[Problem description]: Write out exactly the lines that run from the one containing "Off-White M-Be Right Back Knit Sneakers" to the end of the entries below, with both end lines included.

[Web page caption snippets]:

----------

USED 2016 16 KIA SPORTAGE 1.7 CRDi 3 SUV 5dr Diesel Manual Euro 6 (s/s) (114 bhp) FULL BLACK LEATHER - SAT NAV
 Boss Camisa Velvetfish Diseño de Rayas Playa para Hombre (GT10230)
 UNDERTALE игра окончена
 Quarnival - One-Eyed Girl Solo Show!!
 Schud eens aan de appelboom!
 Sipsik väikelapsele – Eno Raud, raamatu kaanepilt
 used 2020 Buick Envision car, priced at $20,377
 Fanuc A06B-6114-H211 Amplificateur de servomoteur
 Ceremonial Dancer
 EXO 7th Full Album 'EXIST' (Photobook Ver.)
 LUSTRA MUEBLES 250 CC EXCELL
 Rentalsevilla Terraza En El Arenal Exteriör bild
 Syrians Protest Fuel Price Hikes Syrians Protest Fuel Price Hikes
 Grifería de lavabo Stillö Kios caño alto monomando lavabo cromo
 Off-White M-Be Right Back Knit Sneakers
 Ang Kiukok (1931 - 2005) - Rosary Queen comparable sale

----------

[Problem solution]:
 Off-White M-Be Right Back Knit Sneakers
 Ang Kiukok (1931 - 2005) - Rosary Queen comparable sale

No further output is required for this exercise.